**Work order**
Within the lines below, the span from the line with "Ikea Sofas: FRIHETEN" to the line with "Sweet flower claw", both ends included, is to be reproduced exactly, with pictures omitted.

**Data for this task**

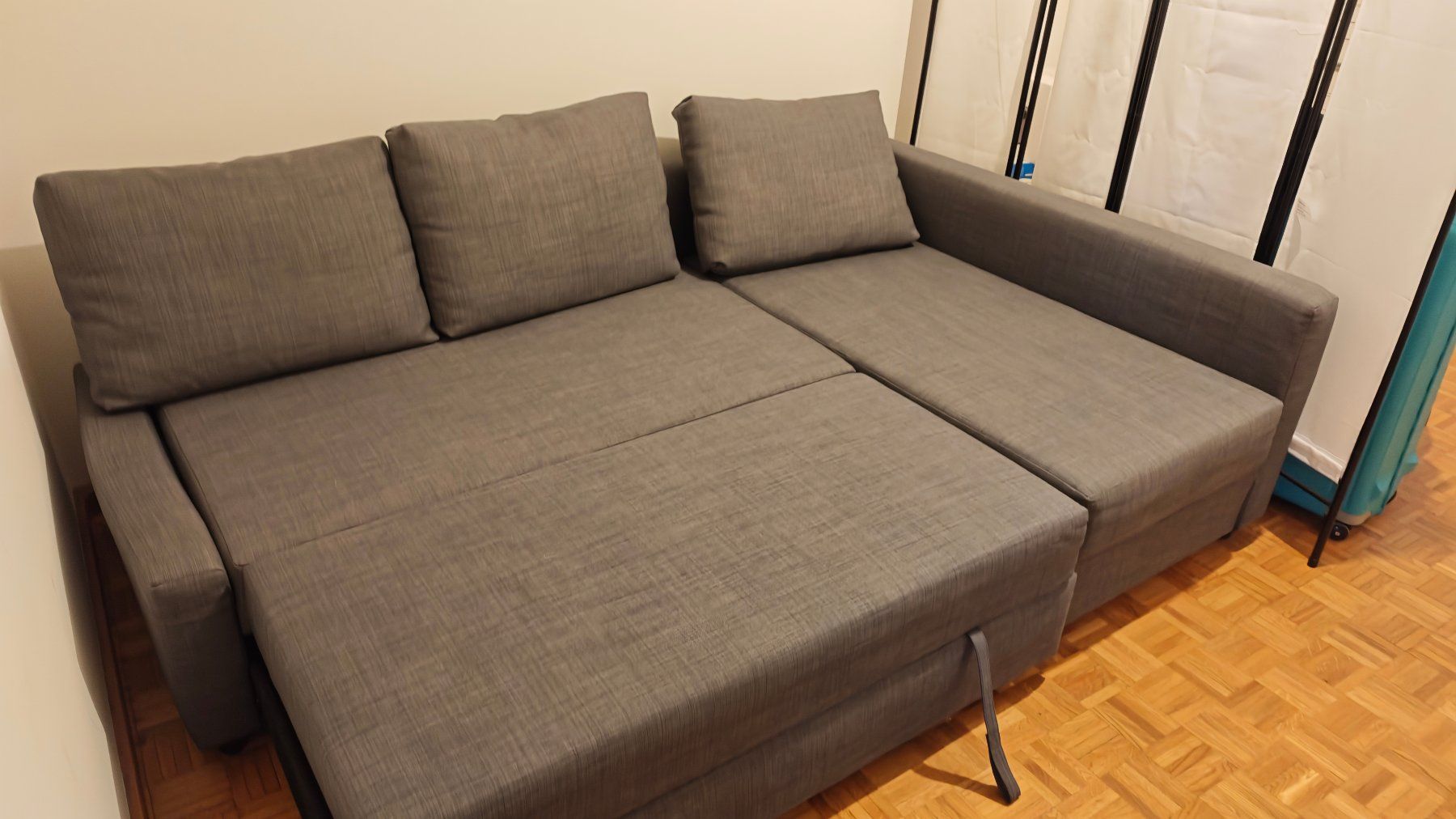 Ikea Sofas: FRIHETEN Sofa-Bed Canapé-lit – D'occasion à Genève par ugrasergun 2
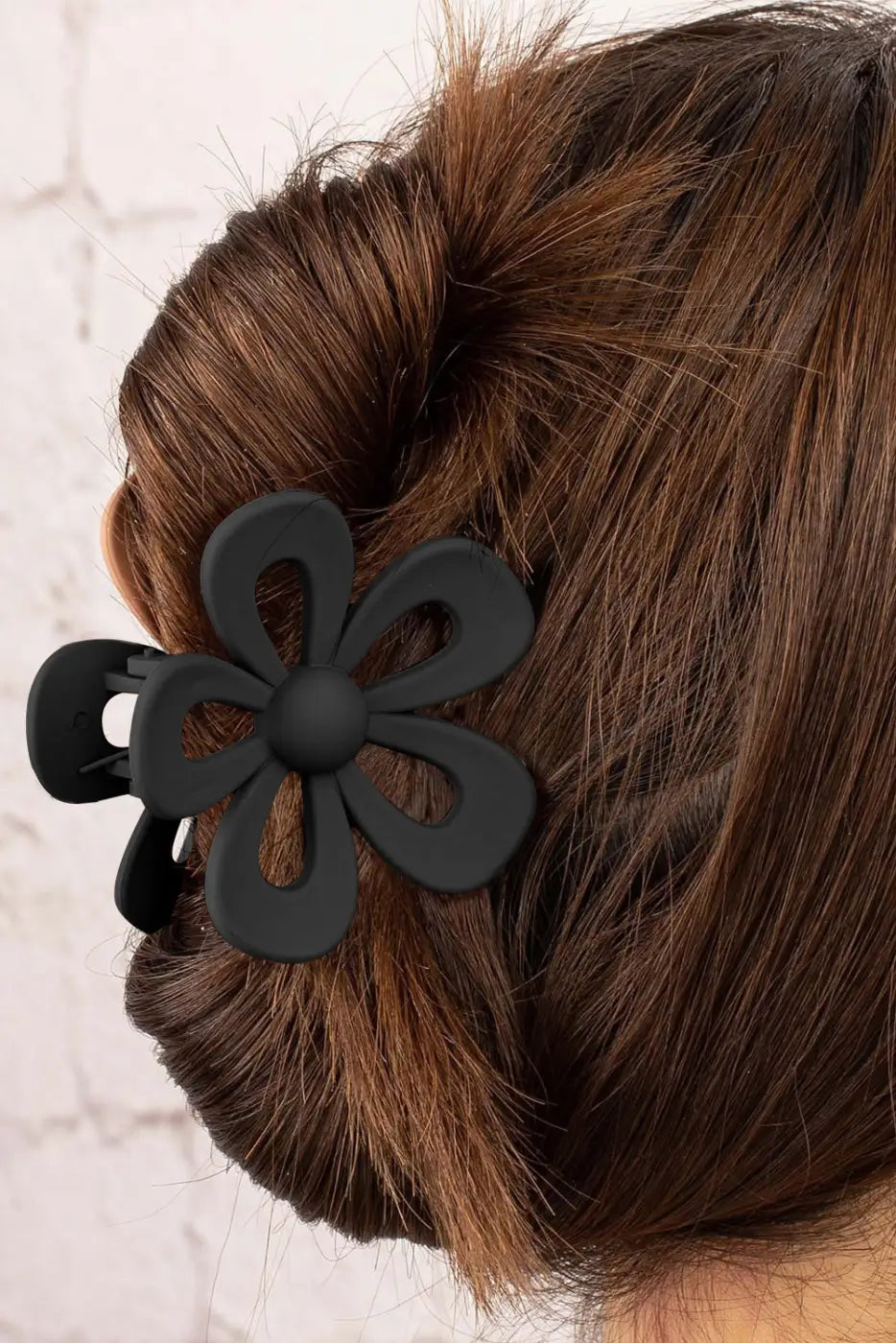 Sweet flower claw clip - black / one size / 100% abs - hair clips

...

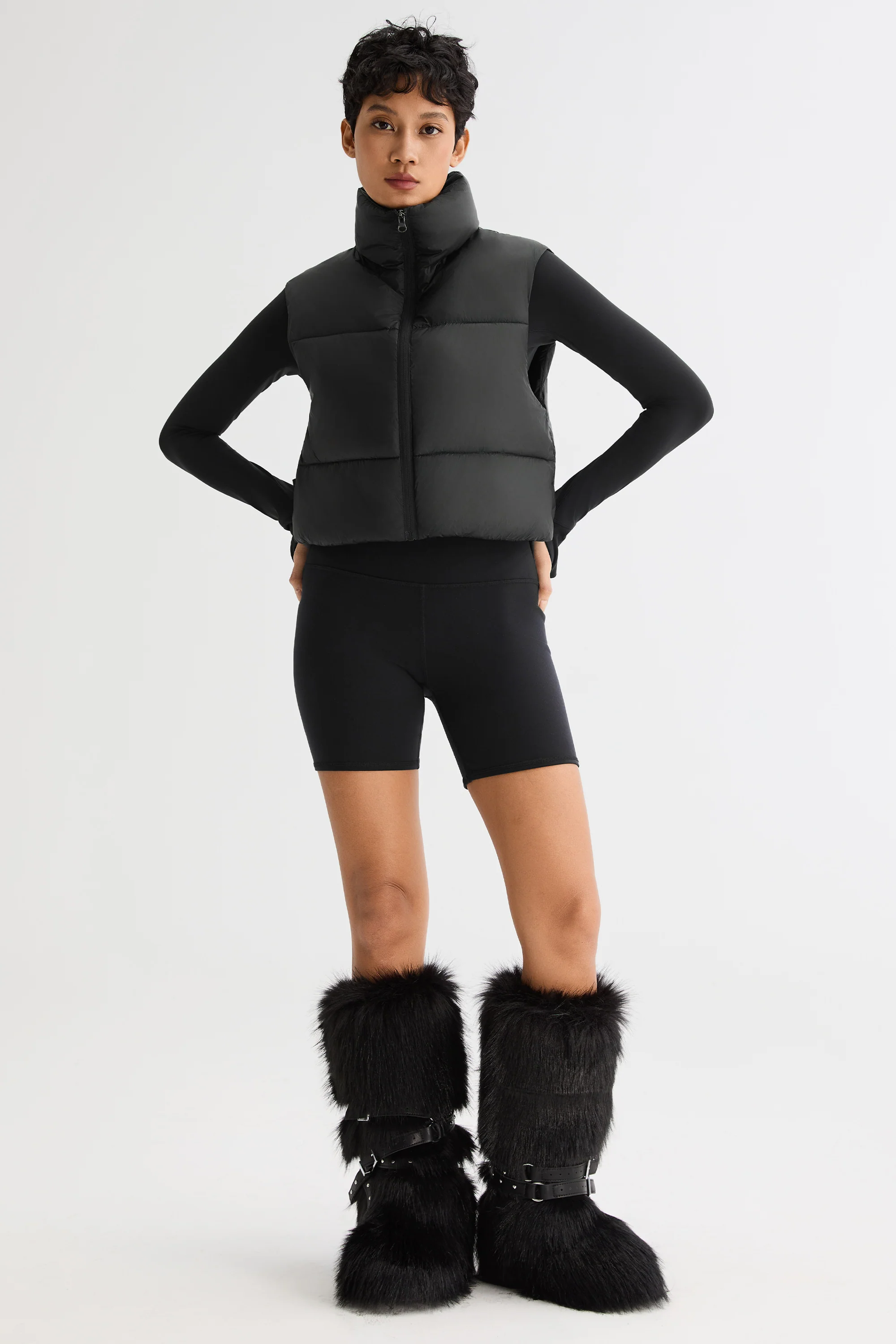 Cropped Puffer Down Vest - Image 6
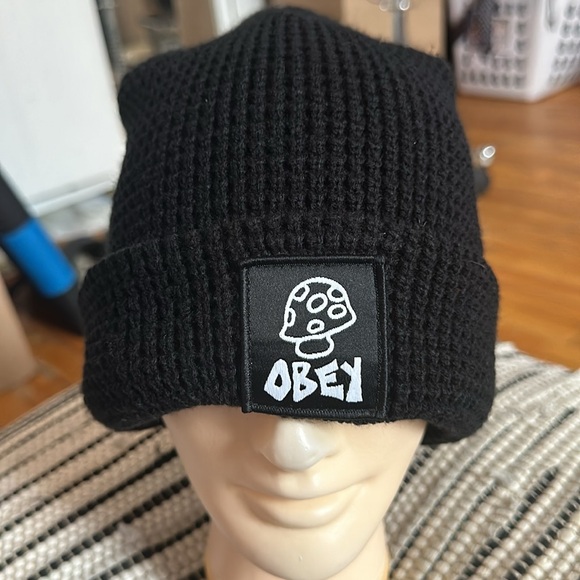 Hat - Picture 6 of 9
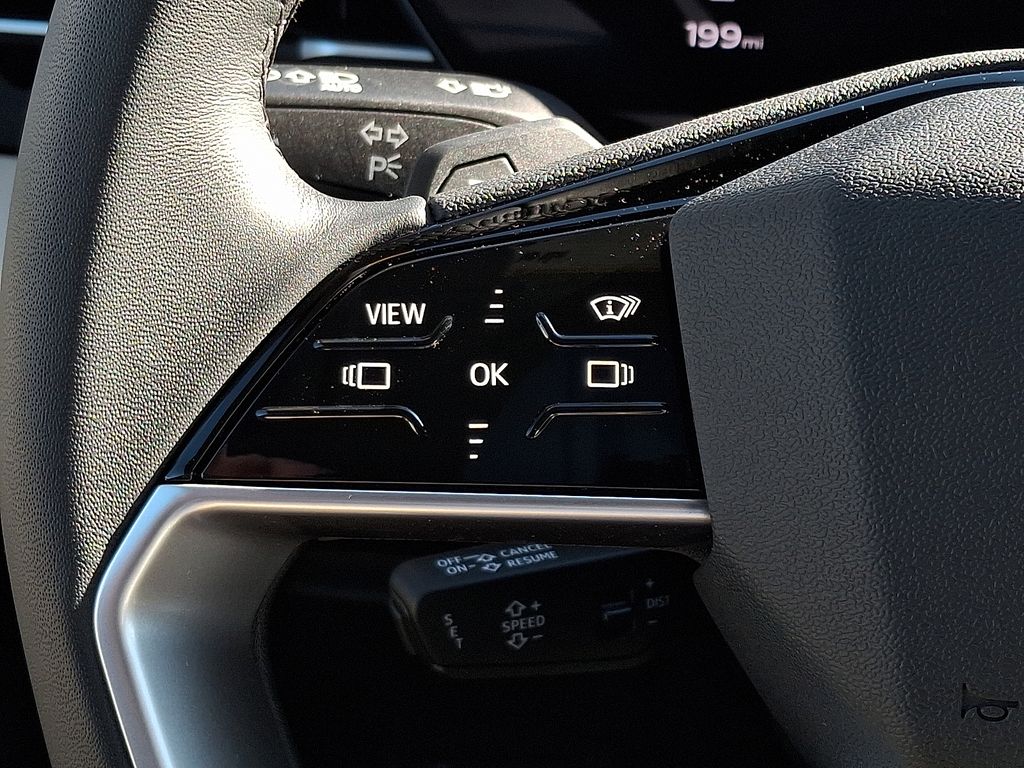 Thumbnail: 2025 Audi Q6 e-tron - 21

**Reply**
 Ikea Sofas: FRIHETEN Sofa-Bed Canapé-lit – D'occasion à Genève par ugrasergun 2
 Sweet flower claw clip - black / one size / 100% abs - hair clips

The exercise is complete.